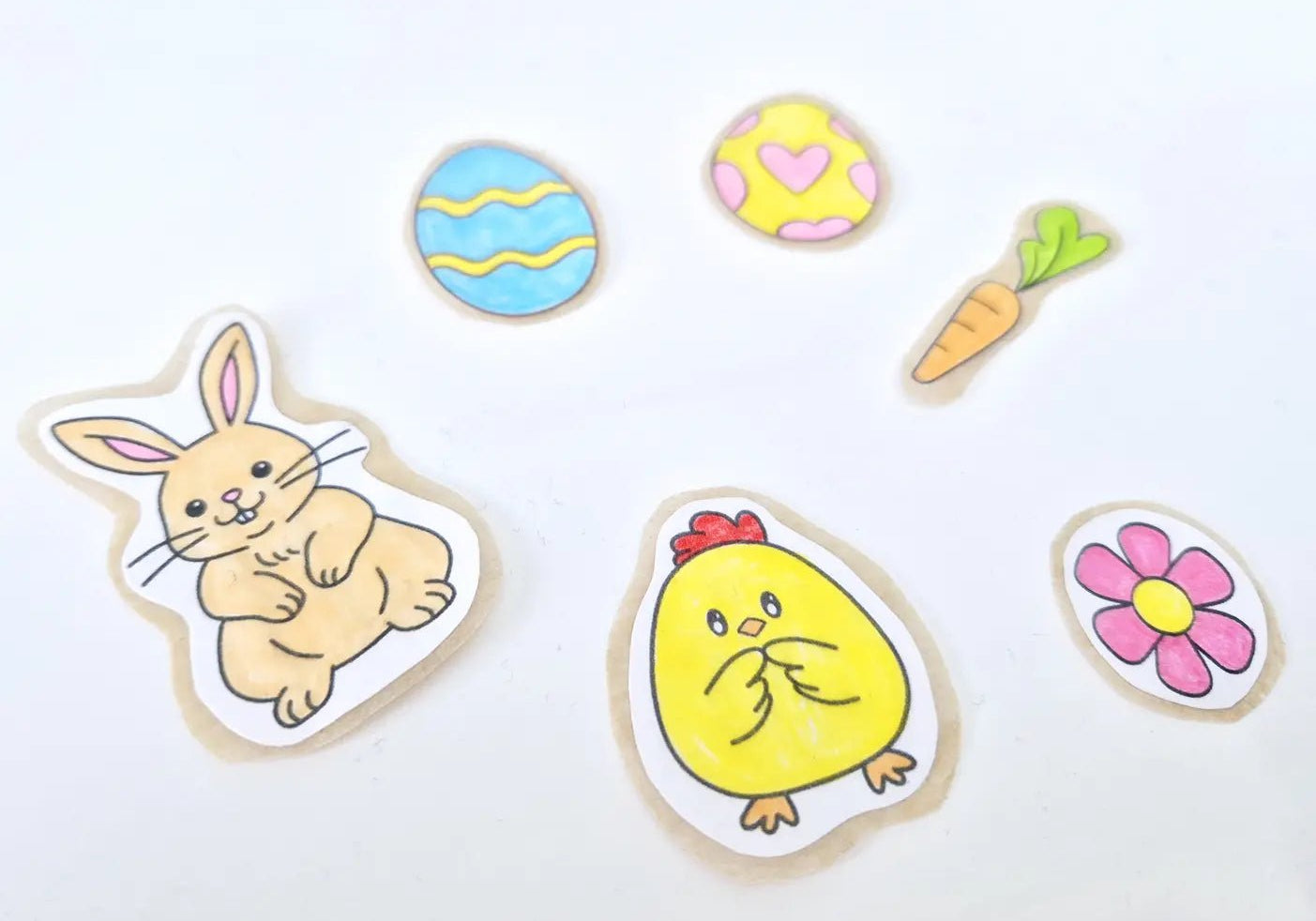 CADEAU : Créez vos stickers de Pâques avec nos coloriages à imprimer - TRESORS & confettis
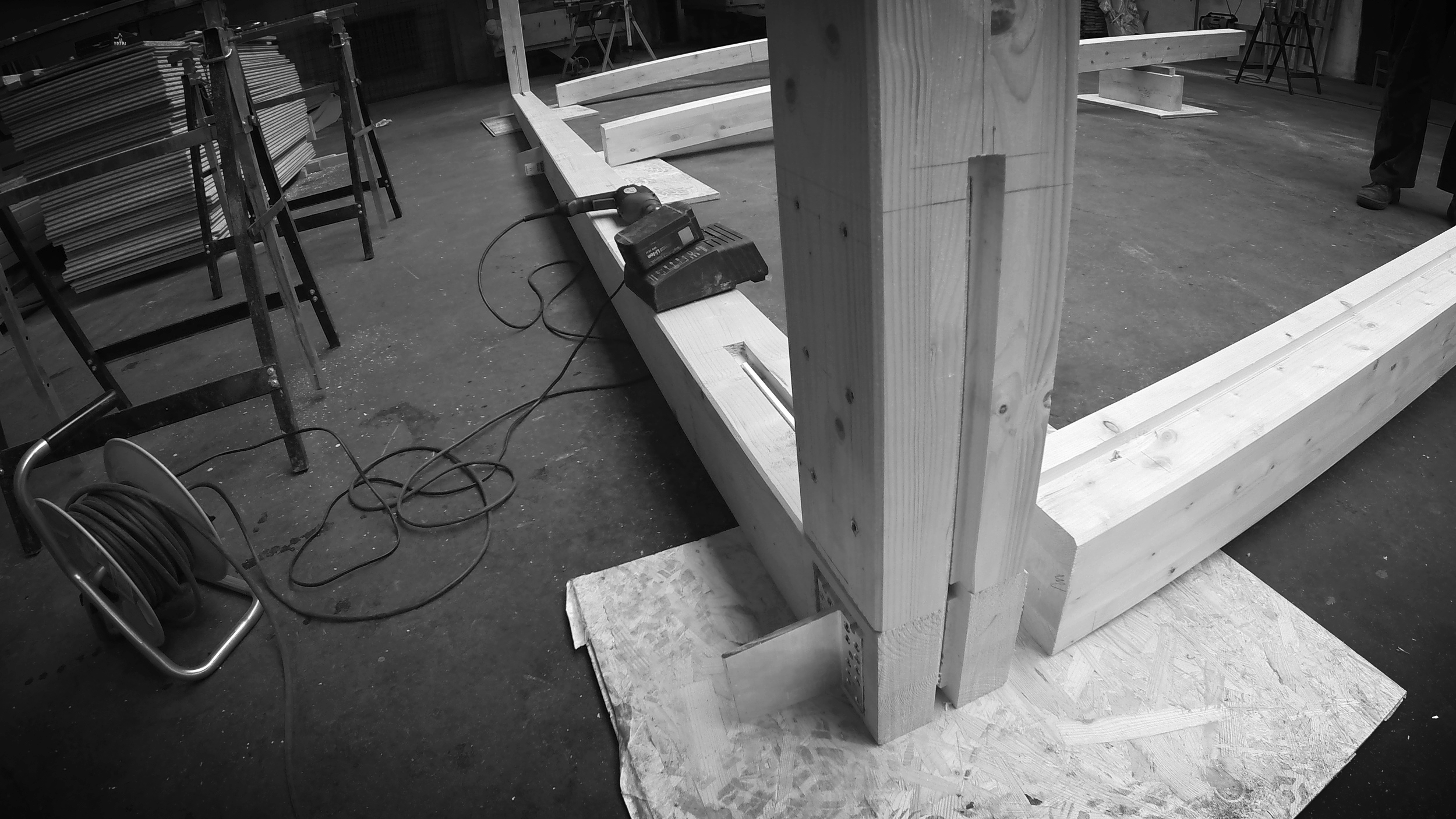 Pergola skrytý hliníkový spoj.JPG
* * *
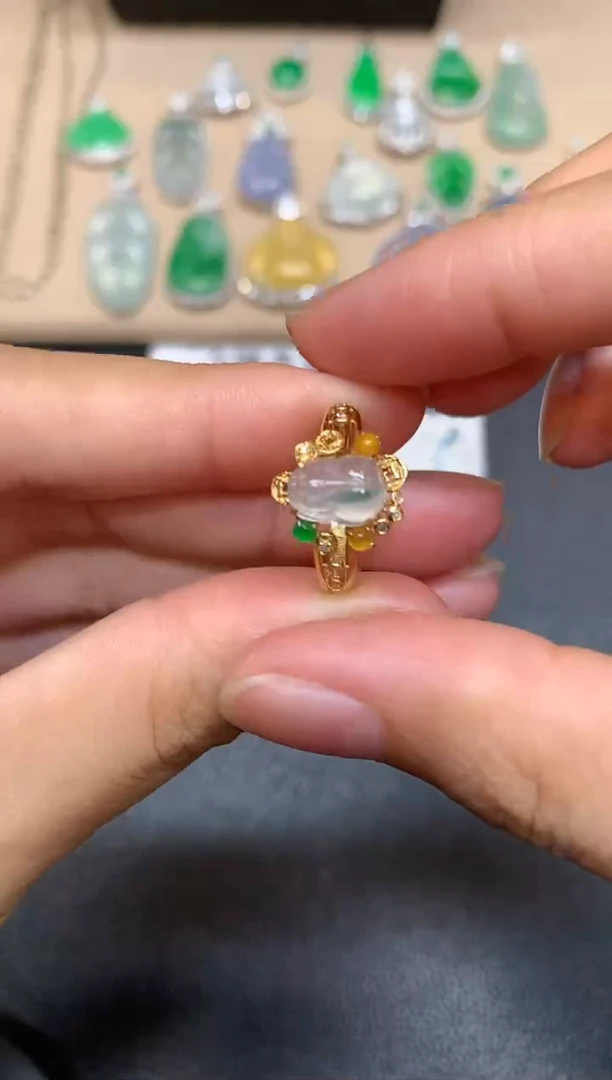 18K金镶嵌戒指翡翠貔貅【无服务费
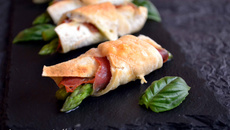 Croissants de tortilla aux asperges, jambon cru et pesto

__Instructions to follow__: Would you give again, exactly, the lines in the data above that run from the line containing "18K金镶嵌戒指翡翠貔貅【无服务费" to the line containing "Croissants de tortilla"? Include both ends and no pictures.

__Task solution__:
 18K金镶嵌戒指翡翠貔貅【无服务费
 Croissants de tortilla aux asperges, jambon cru et pesto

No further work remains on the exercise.